Instagram @CoastsideOgauge


----------



## OilValleyRy (Oct 3, 2021)

Kato starter sets are about the only ones worth the time & money.

And from what little I know of Amtrak, those sets of cars match. 
Although I’ll add that Amtrak like most everyone else has at times mixed & matched in order to get the job done. So even if they were slightly different AFAIK it’s “not wrong.”


----------



## Conductorkev (Nov 5, 2021)

If the package says "dcc ready" that just means it has a plug adapter directly a dcc decoder. It will run on dc power. If you or your son ever decide to try dcc you would just need to buy the right decoder for the loco. Also have dcc controllers.


----------



## CoastsideOgauge (4 mo ago)

Conductorkev said:


> If the package says "dcc ready" that just means it has a plug adapter directly a dcc decoder. It will run on dc power. If you or your son ever decide to try dcc you would just need to buy the right decoder for the loco. Also have dcc controllers.


Great, thank you. Is DCC a command system that gives steady speed and sound effects, such as the Lionel Legacy line does in O gauge?


----------



## CoastsideOgauge (4 mo ago)

OilValleyRy said:


> Kato starter sets are about the only ones worth the time & money.
> 
> And from what little I know of Amtrak, those sets of cars match.
> Although I’ll add that Amtrak like most everyone else has at times mixed & matched in order to get the job done. So even if they were slightly different AFAIK it’s “not wrong.”

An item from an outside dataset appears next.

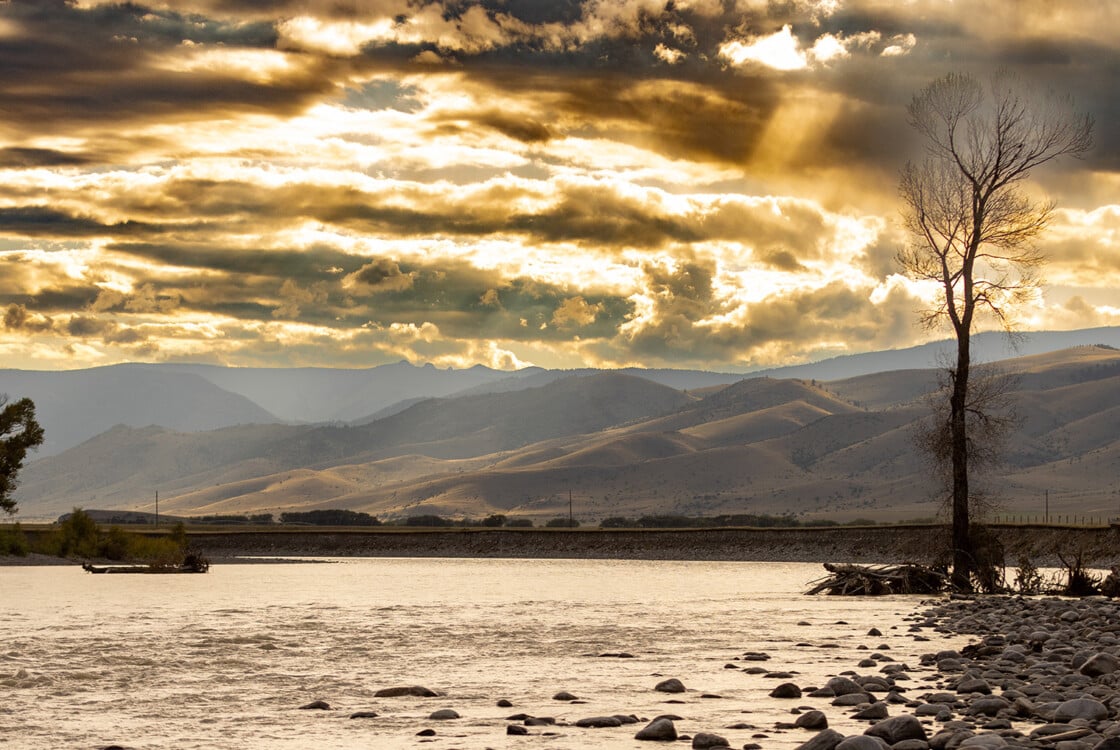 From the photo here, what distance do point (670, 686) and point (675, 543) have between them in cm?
8718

Oh, good to know all around, thanks! Any idea if the single engine will pull that many cars? Always a concern in O gauge..


----------



## pmcgurin (Sep 7, 2010)

I have some of those Amtrak Superliner cars and a couple of the locomotives, SDP40F and P42. Great runners. I added the LED lighting to the passenger cars.


----------



## Mixed Freight (Aug 31, 2019)

CoastsideOgauge said:


> Great, thank you. Is DCC a command system that gives steady speed and sound effects, such as the Lionel Legacy line does in O gauge?

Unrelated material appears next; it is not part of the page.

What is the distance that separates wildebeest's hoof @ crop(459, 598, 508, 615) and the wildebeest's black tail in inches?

Yeah, but you don't necessarily need DCC to start out with. N-scale will run just fine on standard DC.
And you can't go wrong with Kato. Go for it!!!


----------



## Conductorkev (Nov 5, 2021)

CoastsideOgauge said:


> Great, thank you. Is DCC a command system that gives steady speed and sound effects, such as the Lionel Legacy line does in O gauge?



Pretty much. The decoder that's in the train gets a signal from the controller. If tte decoder has sound you can hit the horn or whistle. Plus it also has other sounds like the air breaks. And you can go in and turn certain sounds off if you want to because sone of them can get annoying. As far as speed yes you control tge speed plus dcc allows you to run more than one train. You can also better consist trains with most of the dcc systems. Along with trains you can put decoders on turnouts or draw bridges even turntables and use them with your remote.


----------



## CoastsideOgauge (4 mo ago)

pmcgurin said:


> I have some of those Amtrak Superliner cars and a couple of the locomotives, SDP40F and P42. Great runners. I added the LED lighting to the passenger cars.

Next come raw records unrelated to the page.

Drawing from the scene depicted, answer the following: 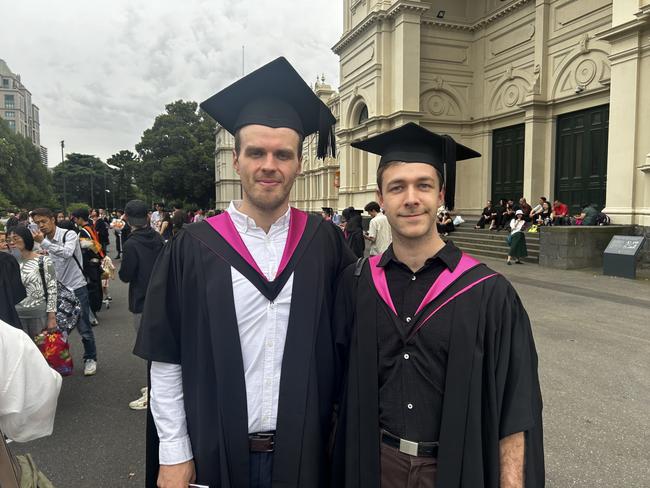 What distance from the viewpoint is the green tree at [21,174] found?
45.5 metres

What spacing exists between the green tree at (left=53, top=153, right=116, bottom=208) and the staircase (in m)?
74.4

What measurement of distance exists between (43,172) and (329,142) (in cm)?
6226

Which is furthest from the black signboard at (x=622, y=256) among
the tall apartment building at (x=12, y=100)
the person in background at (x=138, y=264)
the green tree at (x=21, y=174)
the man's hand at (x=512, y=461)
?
the tall apartment building at (x=12, y=100)

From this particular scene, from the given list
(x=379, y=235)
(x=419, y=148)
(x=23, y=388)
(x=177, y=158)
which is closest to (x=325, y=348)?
(x=419, y=148)

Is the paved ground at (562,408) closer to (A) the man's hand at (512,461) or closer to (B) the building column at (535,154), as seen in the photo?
(A) the man's hand at (512,461)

Will one locomotive pull 7 of those cars? Also, who makes the LED lighting kits? Thanks.


----------



## CoastsideOgauge (4 mo ago)

Mixed Freight said:


> Yeah, but you don't necessarily need DCC to start out with. N-scale will run just fine on standard DC.
> And you can't go wrong with Kato. Go for it!!!


Good to know, thanks!


----------



## CoastsideOgauge (4 mo ago)

Conductorkev said:


> Pretty much. The decoder that's in the train gets a signal from the controller. If tte decoder has sound you can hit the horn or whistle. Plus it also has other sounds like the air breaks. And you can go in and turn certain sounds off if you want to because sone of them can get annoying. As far as speed yes you control tge speed plus dcc allows you to run more than one train. You can also better consist trains with most of the dcc systems. Along with trains you can put decoders on turnouts or draw bridges even turntables and use them with your remote.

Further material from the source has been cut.